_Prompt_
Among the lines below, output only those between the line holding "Aluno é agredido" and the line holding "Galliagh car burning", inclusive, exactly as written and with no pictures.

_Data_
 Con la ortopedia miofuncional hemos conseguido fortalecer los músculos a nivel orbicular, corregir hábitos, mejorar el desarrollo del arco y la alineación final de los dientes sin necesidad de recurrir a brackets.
...
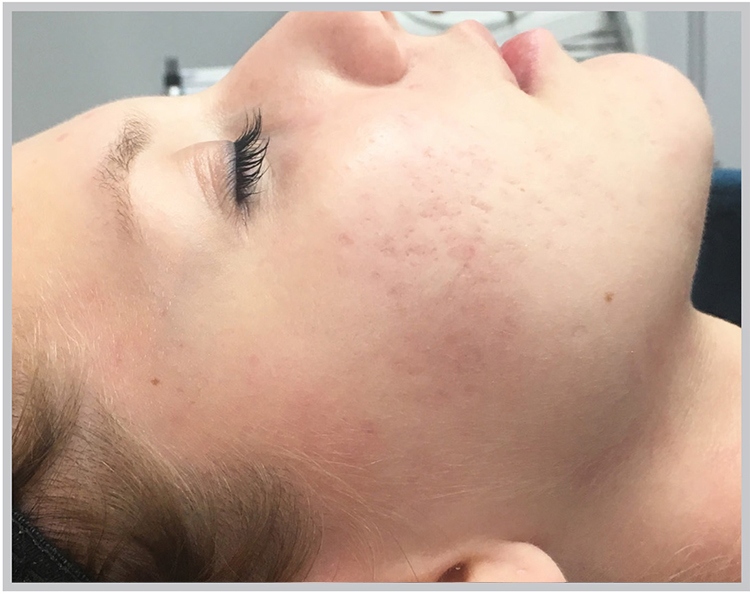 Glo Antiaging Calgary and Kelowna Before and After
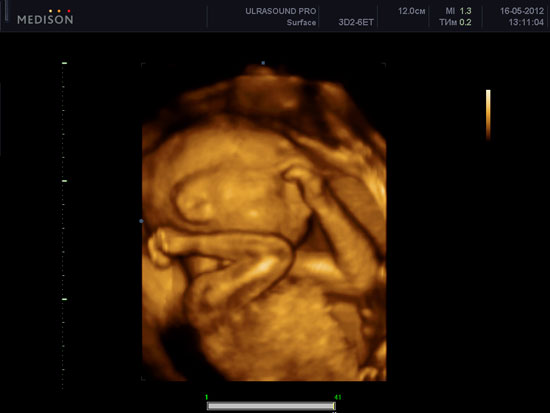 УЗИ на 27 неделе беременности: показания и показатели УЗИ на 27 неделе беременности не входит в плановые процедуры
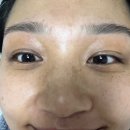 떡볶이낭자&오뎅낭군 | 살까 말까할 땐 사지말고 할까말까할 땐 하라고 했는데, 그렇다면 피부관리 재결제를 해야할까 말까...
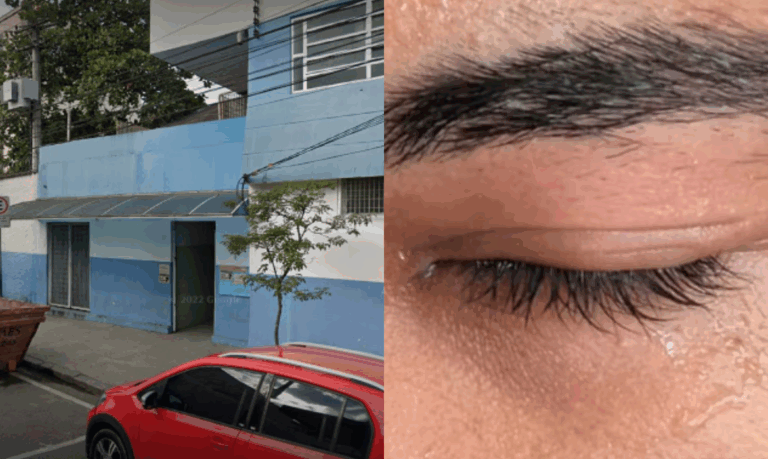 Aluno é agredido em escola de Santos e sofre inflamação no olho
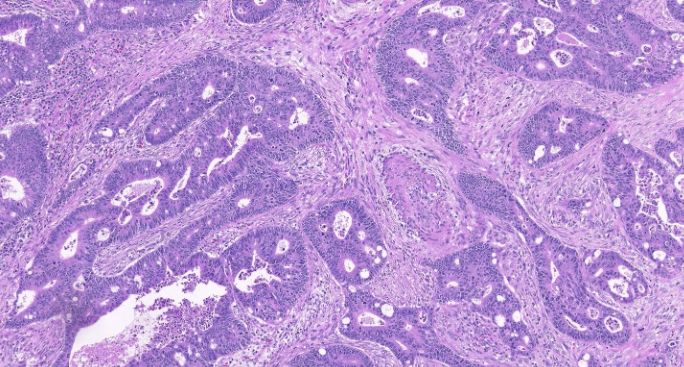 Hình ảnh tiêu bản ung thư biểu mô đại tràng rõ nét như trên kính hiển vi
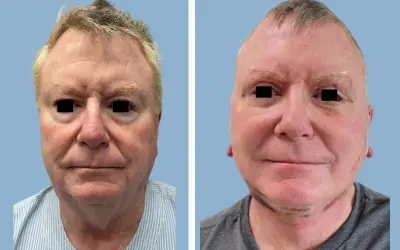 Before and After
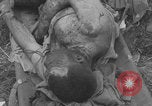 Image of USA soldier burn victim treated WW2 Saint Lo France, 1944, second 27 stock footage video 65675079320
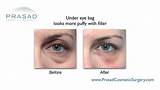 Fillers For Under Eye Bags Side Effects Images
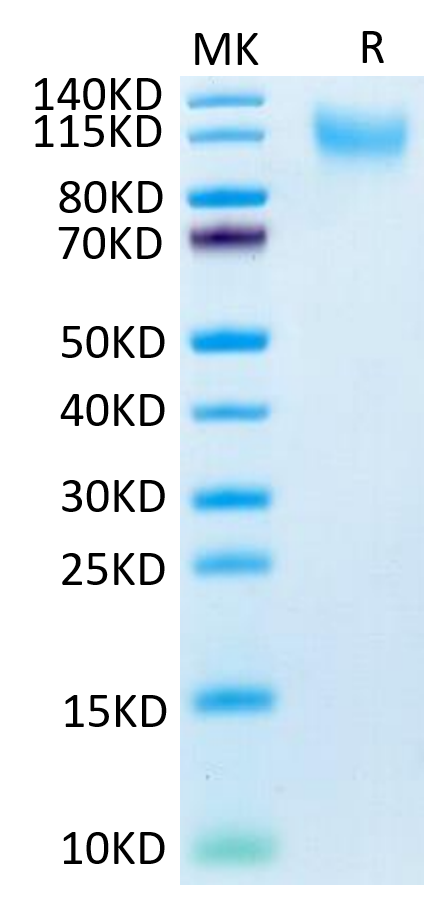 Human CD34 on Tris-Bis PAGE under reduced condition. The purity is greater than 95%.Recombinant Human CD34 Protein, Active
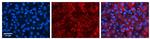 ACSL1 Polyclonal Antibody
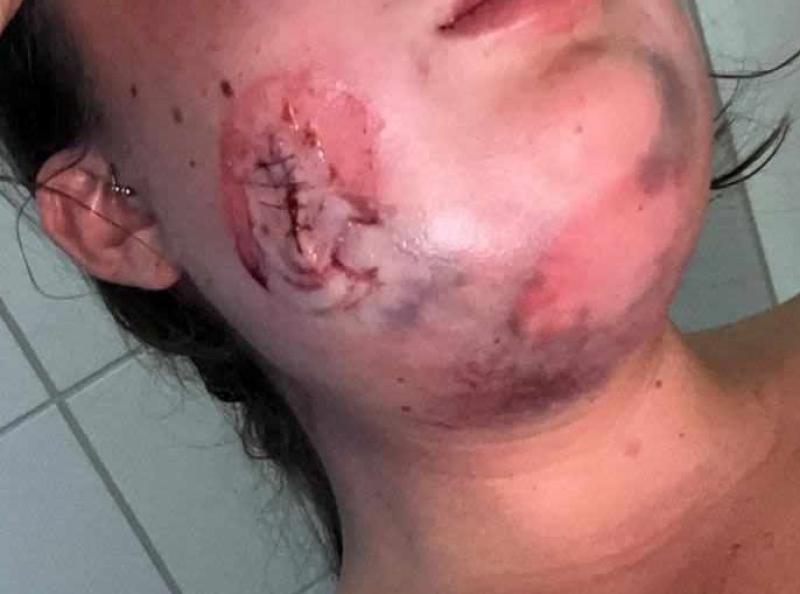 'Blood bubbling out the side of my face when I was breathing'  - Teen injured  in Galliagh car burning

_Solution for this exercise_
 Aluno é agredido em escola de Santos e sofre inflamação no olho
 Hình ảnh tiêu bản ung thư biểu mô đại tràng rõ nét như trên kính hiển vi
 Before and After
 Image of USA soldier burn victim treated WW2 Saint Lo France, 1944, second 27 stock footage video 65675079320
 Fillers For Under Eye Bags Side Effects Images
 Human CD34 on Tris-Bis PAGE under reduced condition. The purity is greater than 95%.Recombinant Human CD34 Protein, Active
 ACSL1 Polyclonal Antibody
 'Blood bubbling out the side of my face when I was breathing'  - Teen injured  in Galliagh car burning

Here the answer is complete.